Hasard du calendrier, l’adversaire des Genevois, ce vendredi soir, était la dernière équipe contre laquelle Goran Bezina avait joué en grenat, le 21 mars 2019, jour de son 39e anniversaire; une partie qui avait duré 118 minutes pour se terminer sur un but d’Arcobello à 0 h 54 sur une amère défaite lors de ce 6e acte des quarts de finale de play-off. «C’est une équipe où il y a toujours eu une grande histoire avec Genève», sourit le jeune retraité, qui avait convié tous ses anciens coéquipiers du GSHC, enfin une bonne partie d’entre eux. «Mais, s’excuse-t-il, ils ne sont pas tous là sinon ils auraient été 120 avec moi!»
On a même croisé (forcément) Chris McSorley, lui qui avait fait venir le Valaisan aux Vernets et qui travaille avec lui au HC Sierre pour le projet de la nouvelle patinoire. Mais dans une loge. Pas sur la glace où aurait été sa place. Les dirigeants de GE Servette, qui sont toujours en procès avec l’Ontarien, ne l’ont pas voulu ainsi, ils ne l’auraient pas supporté. Dommage. Qu’à cela ne tienne, l’ex-entraîneur a pu retrouver son capitaine et une bonne partie de ses anciens joueurs plus tard dans ce pub qui a longtemps porté son nom.
C’était après que GE Servette ne s’incline face à cette formation bernoise venue gâcher la fête des Grenat. «J’aime énormément cette équipe de Genève cette saison, elle a le potentiel pour aller jusqu’au bout, estime cet éternel grenat. À part ce soir, Omark et ses copains arrivent souvent à tourner un match en quelques minutes, c’est fou!» Fou, comme ce vendredi pas comme les autres où on retiendra surtout l’hommage mérité à un homme que personne ne va oublier de sitôt. Surtout ceux qui l’ont côtoyé.
Portier du CP Berne, Daniel Manzato, élu meilleur joueur de son équipe vendredi soir, ne tarit pas d’éloges. «J’étais super content de faire partie de cette soirée-là et d’être titularisé dans la cage, a apprécié le Vaudois. Avec Goran, j’ai quand même une relation particulière puisqu’il a été mon camarade de chambre en équipe nationale durant plusieurs championnats du monde. C’est toujours un plaisir de le revoir. Quand il m’a remis mon prix après le match, il m’a dit qu’il fallait qu’on profite de ce moment-là car c’était certainement la dernière photo sur la glace ensemble. Goran c’était la joie de vivre, un grand monsieur. J’ai bien aimé ce qu’il a dit dans son discours. À savoir qu’en bout de ligne, il y a des victoires et des défaites, mais que le plus important ce sont des amitiés comme celle-ci qui resteront toujours.» Joli témoignage d’un gardien qui côté cœur ressemble beaucoup au Valaisan.

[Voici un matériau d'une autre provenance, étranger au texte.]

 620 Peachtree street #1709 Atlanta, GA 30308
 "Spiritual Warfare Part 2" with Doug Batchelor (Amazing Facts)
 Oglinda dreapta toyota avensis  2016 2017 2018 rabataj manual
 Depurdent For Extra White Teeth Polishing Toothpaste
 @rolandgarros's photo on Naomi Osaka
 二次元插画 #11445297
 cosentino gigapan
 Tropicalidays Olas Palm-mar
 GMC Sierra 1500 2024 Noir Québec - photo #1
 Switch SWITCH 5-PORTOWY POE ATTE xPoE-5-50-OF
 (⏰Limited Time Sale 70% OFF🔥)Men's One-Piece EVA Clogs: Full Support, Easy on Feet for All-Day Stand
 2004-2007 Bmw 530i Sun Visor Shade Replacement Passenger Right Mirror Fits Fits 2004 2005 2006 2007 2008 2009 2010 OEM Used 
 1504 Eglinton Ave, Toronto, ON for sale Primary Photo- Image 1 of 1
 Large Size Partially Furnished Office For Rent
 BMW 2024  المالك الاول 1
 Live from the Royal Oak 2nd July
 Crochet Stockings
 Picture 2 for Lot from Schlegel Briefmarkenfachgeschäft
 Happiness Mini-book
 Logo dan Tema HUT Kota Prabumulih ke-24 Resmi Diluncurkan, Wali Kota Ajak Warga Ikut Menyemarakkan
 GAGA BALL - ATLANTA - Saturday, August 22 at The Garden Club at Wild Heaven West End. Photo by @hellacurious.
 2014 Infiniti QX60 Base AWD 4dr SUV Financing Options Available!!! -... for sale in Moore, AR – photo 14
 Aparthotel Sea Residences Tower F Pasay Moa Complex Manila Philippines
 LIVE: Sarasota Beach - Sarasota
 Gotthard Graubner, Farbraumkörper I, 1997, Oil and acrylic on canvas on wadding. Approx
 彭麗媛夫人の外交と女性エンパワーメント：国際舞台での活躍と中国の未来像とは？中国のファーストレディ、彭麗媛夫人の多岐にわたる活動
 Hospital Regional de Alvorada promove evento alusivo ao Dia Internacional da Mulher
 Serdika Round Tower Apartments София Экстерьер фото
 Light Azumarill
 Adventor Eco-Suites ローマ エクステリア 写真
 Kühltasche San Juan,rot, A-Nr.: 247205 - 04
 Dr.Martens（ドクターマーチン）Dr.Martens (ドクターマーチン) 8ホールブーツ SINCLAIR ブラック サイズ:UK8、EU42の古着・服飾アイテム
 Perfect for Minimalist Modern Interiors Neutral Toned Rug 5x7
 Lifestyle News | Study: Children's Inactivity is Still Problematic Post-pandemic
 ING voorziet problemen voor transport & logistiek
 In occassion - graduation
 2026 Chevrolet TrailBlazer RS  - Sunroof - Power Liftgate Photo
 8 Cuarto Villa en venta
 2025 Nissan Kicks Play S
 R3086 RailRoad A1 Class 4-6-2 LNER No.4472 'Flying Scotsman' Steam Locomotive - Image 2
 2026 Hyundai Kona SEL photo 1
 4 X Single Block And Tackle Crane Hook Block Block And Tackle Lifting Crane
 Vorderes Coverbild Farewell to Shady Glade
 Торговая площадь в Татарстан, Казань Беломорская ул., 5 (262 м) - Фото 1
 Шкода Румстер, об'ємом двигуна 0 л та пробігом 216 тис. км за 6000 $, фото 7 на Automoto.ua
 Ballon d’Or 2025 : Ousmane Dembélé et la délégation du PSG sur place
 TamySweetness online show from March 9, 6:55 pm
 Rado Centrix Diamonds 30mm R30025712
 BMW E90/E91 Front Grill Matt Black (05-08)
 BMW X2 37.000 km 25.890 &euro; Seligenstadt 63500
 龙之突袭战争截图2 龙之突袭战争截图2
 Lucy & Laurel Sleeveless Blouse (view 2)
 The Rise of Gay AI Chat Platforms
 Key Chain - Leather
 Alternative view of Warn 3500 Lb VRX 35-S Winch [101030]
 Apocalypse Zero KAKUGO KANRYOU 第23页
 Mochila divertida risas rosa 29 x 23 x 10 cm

Tandis que Tristan Scherwey en a aussi eu «des frissons» et «énormément de respect pour lui» après la cérémonie, Romain Loeffel, qui l’a côtoyé durant quatre saisons et demie aux Vernets, a eu énormément de plaisir à vivre ce moment aussi magnifique. «Ç’a toujours été un bon gars qui a tout donné sur la glace et en dehors une très belle personne avec laquelle je m’entendais très bien, renchérit le Neuchâtelois de la PostFinance Arena. Il peut être fier de sa carrière et c’est pleinement mérité qu’on lui retire son maillot pour tout ce qu’il a fait pour ce club. Chapeau à Gogo. Peut-être qu’on leur a gâché la soirée en nous imposant mais on n’était pas venus pour leur faire plaisir…»
Peu importe finalement, l’essentiel était ailleurs.